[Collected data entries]
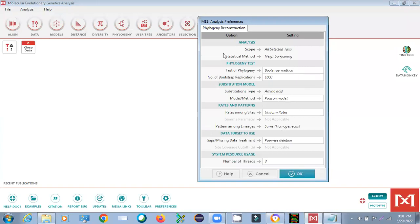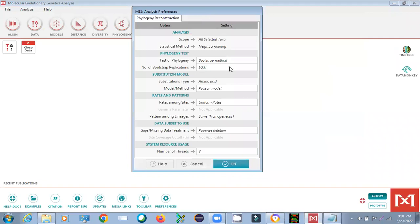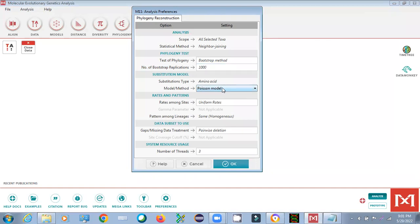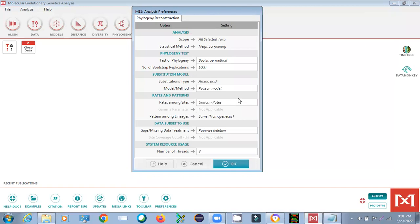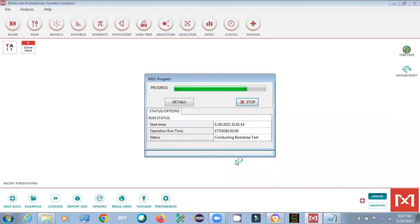Your data will open in the analysis window. Now set the parameters. For the bootstrap method, set the bootstrap value — for publication purposes, we generally use 1000 bootstrap replicates. You can change this value here. For the substitution model, we generally use the Poisson model. Keep other settings as default and press OK to run. You will see the phylogenetic tree being generated.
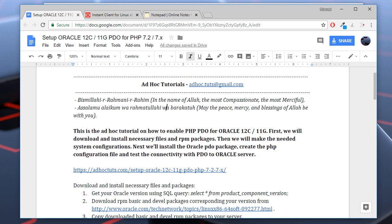As-salamu alaykum wa rahmatullah. Welcome to Adhoc Tutorials video channel. In this Adhoc Tutorial, I will show you how to enable PHP PDO support for Oracle 12c.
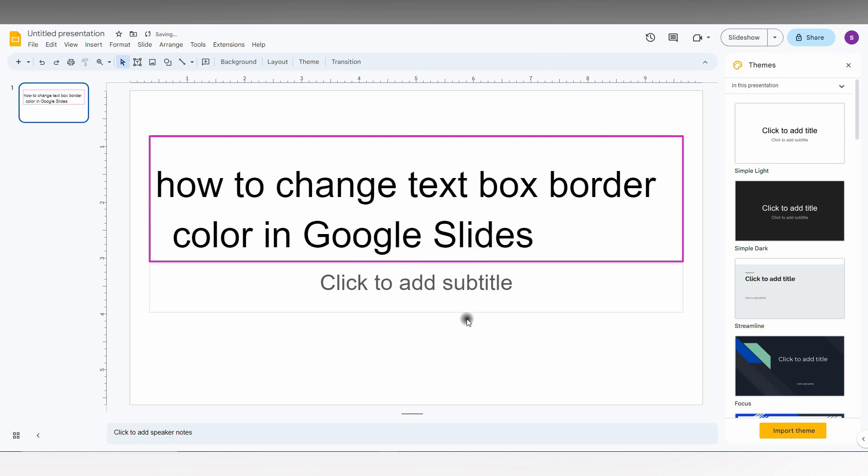Click OK. Now you can see the color change. By this option, you can change the border color on your Google Slide. I hope this video helped a lot. Like this video, share this video.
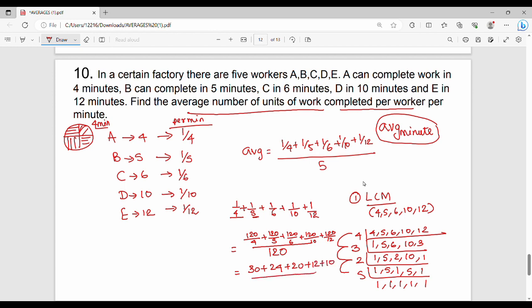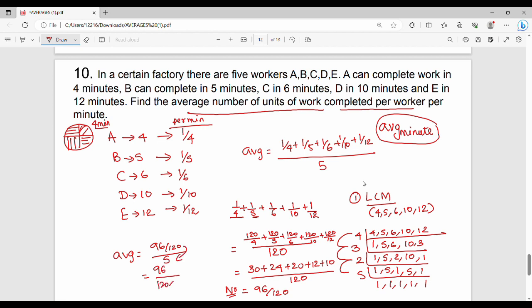The whole sum over 120: adding 30 plus 24 plus 20 plus 12 plus 10 gives 96. So the sum is 96/120. Now dividing by 5: we get 96 divided by 120 divided by 5, which equals 96/600. Simplifying gives a final average answer of 0.16 units of work per worker per minute.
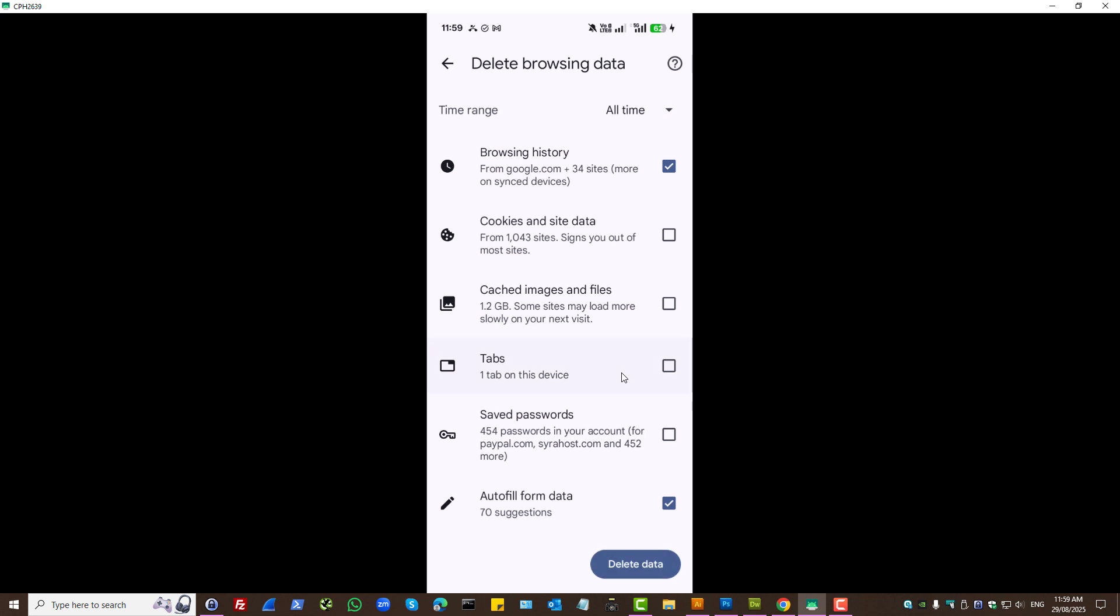It will remove previous activity. So that when you search Google or use Google Chrome you won't see suggestions based on your previous activity.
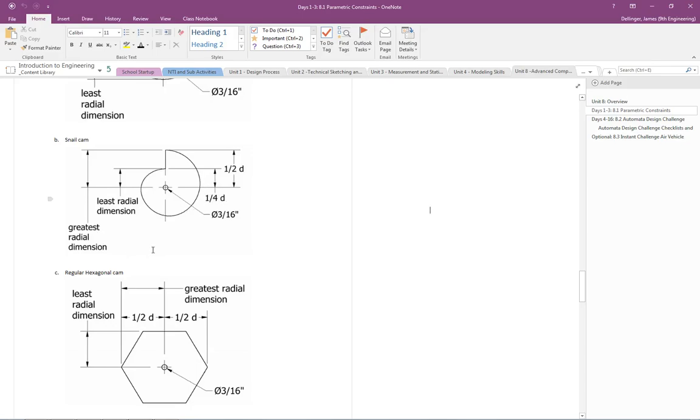Because if you look here, so here's the greatest dimension, the least radial dimension is actually going to be set up to the one quarter d if you pay attention there. Alright, so it's going to be driven by the greatest radial dimension. Anyway, I hope that helps you guys. See ya.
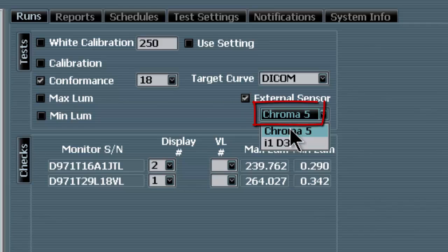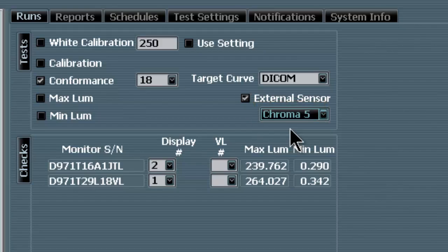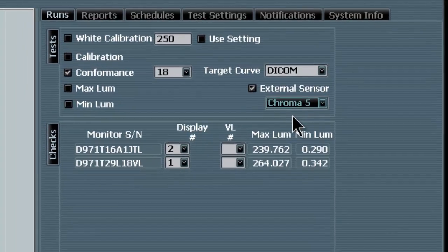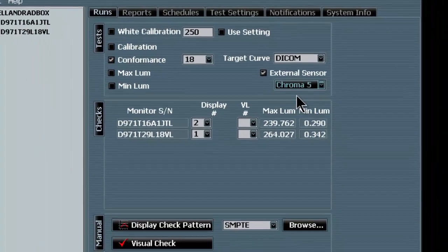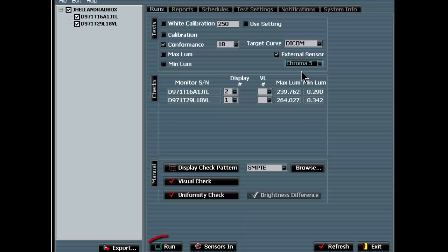In the drop-down menu, we must choose the appropriate selection for the puck we are using. For Verilume pucks, choose the Chroma 5 option. And for the X-Rite puck, choose the I1-D3 option. Finally, at the bottom of the XCal menu, we will click Run to launch the test.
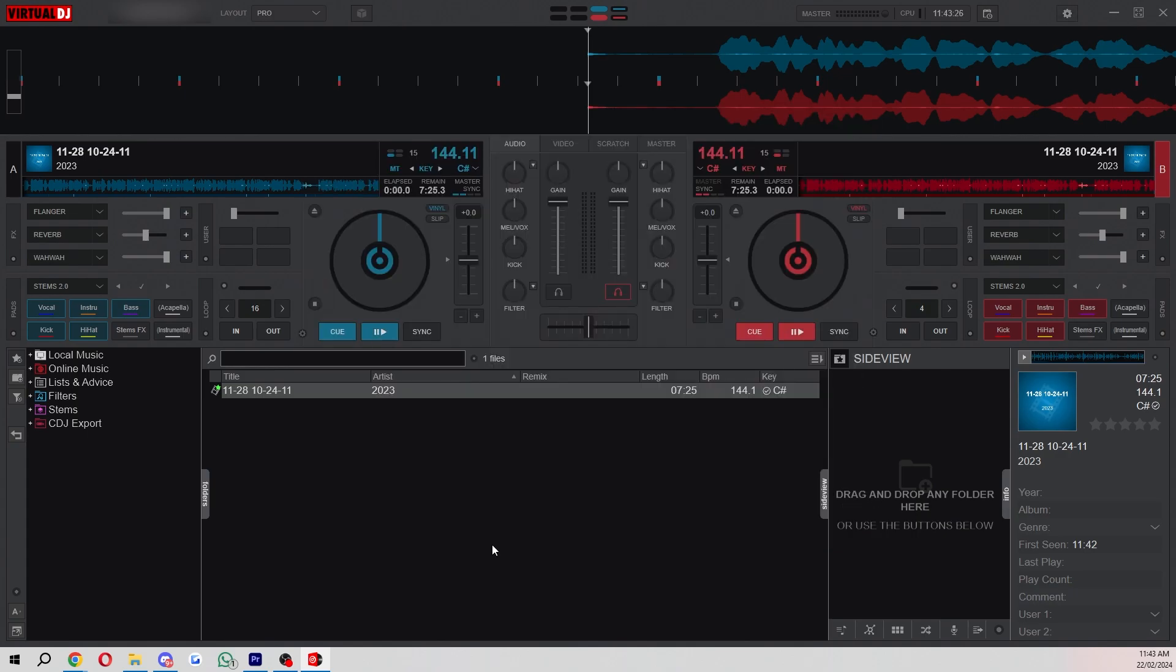All in all I just think this is a really good DJ software for beginners and I think the user interface makes it easy to see everything and it doesn't make everything all complex.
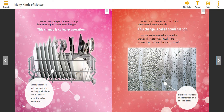Water vapor changes back into liquid water when it cools in the air. This change is called condensation. You can see condensation after a hot shower. The water vapor touches the shower door and turns back into a liquid. Have you ever seen condensation on a shower door?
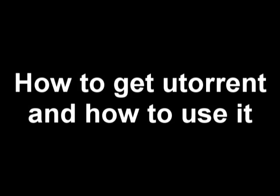Hello everyone and welcome to Databyte Services Live Tech Support Show. Today we're going to talk about uTorrent and how to use it.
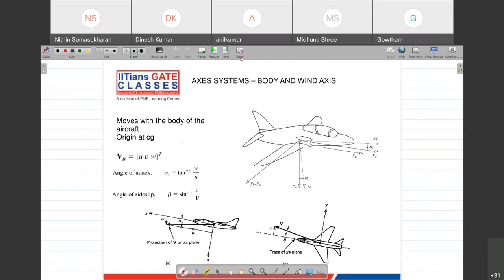Both Earth axis systems discussed so far are fixed in space. But that may not always be what you need. Maybe the pilot sitting inside the aircraft would want an axis system that moves with him, so he can calculate things with respect to himself. He's not really stationary - he only cares about what is happening at every instant. For that, we have two axis systems: the body axis and the wind axis, which are attached to your aircraft and move with it.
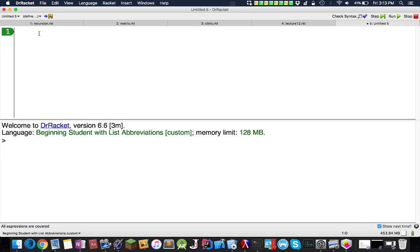Hello, today I'll be showing you guys how to make and use structures.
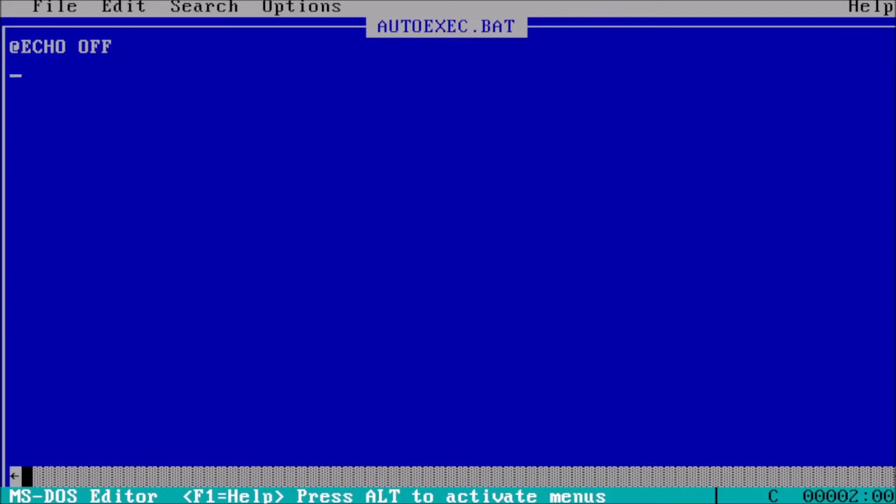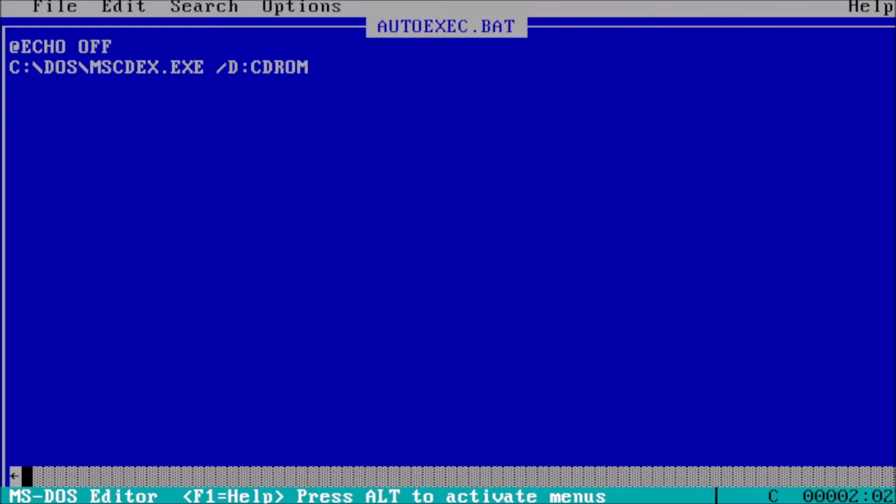For the second line, type c colon backslash dos backslash mscdex dot exe space forward slash d colon cdrom. mscdex is a Microsoft extension that allows DOS to use an attached cdrom drive.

- _Task requirements_
Print every entry exactly; omit the pictures.

- _Reply to the task_
Your data will open in the analysis window. Now set the parameters. For the bootstrap method, set the bootstrap value — for publication purposes, we generally use 1000 bootstrap replicates. You can change this value here. For the substitution model, we generally use the Poisson model. Keep other settings as default and press OK to run. You will see the phylogenetic tree being generated.
As-salamu alaykum wa rahmatullah. Welcome to Adhoc Tutorials video channel. In this Adhoc Tutorial, I will show you how to enable PHP PDO support for Oracle 12c.
Click OK. Now you can see the color change. By this option, you can change the border color on your Google Slide. I hope this video helped a lot. Like this video, share this video.
The whole sum over 120: adding 30 plus 24 plus 20 plus 12 plus 10 gives 96. So the sum is 96/120. Now dividing by 5: we get 96 divided by 120 divided by 5, which equals 96/600. Simplifying gives a final average answer of 0.16 units of work per worker per minute.
It will remove previous activity. So that when you search Google or use Google Chrome you won't see suggestions based on your previous activity.
Because if you look here, so here's the greatest dimension, the least radial dimension is actually going to be set up to the one quarter d if you pay attention there. Alright, so it's going to be driven by the greatest radial dimension. Anyway, I hope that helps you guys. See ya.
In the drop-down menu, we must choose the appropriate selection for the puck we are using. For Verilume pucks, choose the Chroma 5 option. And for the X-Rite puck, choose the I1-D3 option. Finally, at the bottom of the XCal menu, we will click Run to launch the test.
All in all I just think this is a really good DJ software for beginners and I think the user interface makes it easy to see everything and it doesn't make everything all complex.
Water vapor changes back into liquid water when it cools in the air. This change is called condensation. You can see condensation after a hot shower. The water vapor touches the shower door and turns back into a liquid. Have you ever seen condensation on a shower door?
Hello everyone and welcome to Databyte Services Live Tech Support Show. Today we're going to talk about uTorrent and how to use it.
Both Earth axis systems discussed so far are fixed in space. But that may not always be what you need. Maybe the pilot sitting inside the aircraft would want an axis system that moves with him, so he can calculate things with respect to himself. He's not really stationary - he only cares about what is happening at every instant. For that, we have two axis systems: the body axis and the wind axis, which are attached to your aircraft and move with it.
Hello, today I'll be showing you guys how to make and use structures.
For the second line, type c colon backslash dos backslash mscdex dot exe space forward slash d colon cdrom. mscdex is a Microsoft extension that allows DOS to use an attached cdrom drive.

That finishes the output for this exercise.